Kazakh Women Demand More Government Support After Fire Kills Family's Five Children

NUR-SULTAN -- Dozens of Kazakh women have gathered in the headquarters of the ruling Nur-Otan party demanding increased social allowances three days after another family lost several children in a fire as their parents were out of the apartment.

On February 22, the women demanded government housing for families with multiple children, a fourfold increase of social allowances for children, and a halt in the persecution of women who have picketed and rallied for the cause.

On February 19, five children were killed when a fire broke out in a five-story residential building in the town of Zhanatas. The father was at work at the time of the blaze while the mother had left the house to buy food at a shop.

"What happened in Zhambyl is another tragedy. Some officials we heard criticizing the poor children's parents for what happened. It's wrong. Children are dying in fires and other incidents across the country. And that is not the parents' fault. They simply are surviving and very often must leave their children alone in homes. If the government increased financial allowances to support children, things like that would not have happened," one of the protesting women Zhumaghyz Kokeshova said.

In February 2019, another fire in a small house near Nur-Sultan killed five children from the same family when both parents were at work on night shifts.

That deadly fire also sparked waves of protests across the Central Asian nation, with people demanding increased social support and financial allowances for families with several children and low incomes.

The women on February 22 demanded lawmakers representing Nur-Otan in parliament to meet with them, chanting "Lawmakers!
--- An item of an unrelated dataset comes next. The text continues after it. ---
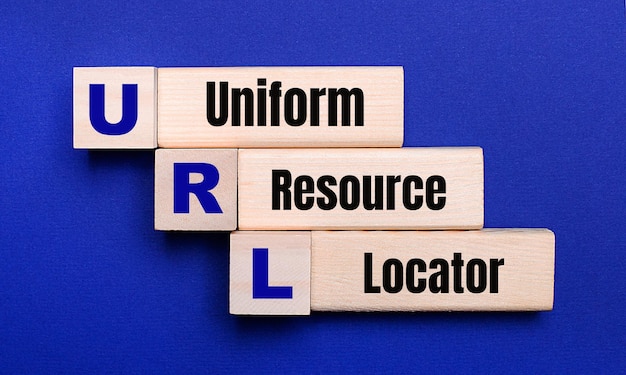 URL Uniform Resource Locator라는 텍스트가 있는 밝은 파란색 배경의 밝은 나무 블록 및 큐브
Come Out!"

They also sought the immediate release of Feruza Sapar, who they say was detained over the weekend after police stopped some of the women when they tried to reach Zhanatas to meet the family after its tragedy.

When party officials invited them to a congress hall in the building but warned that journalists would be barred, the women refused and continued their protest in the main hall of the headquarters.

Daulet Karibek, the deputy chairman of Nur-Otan's branch in Nur-Sultan, advised the women to go to another building in the city where, according to him, the party could handle their complaints in written form.

The women rejected the suggestion, saying that they had written "tons of complaints already, but there have been no results."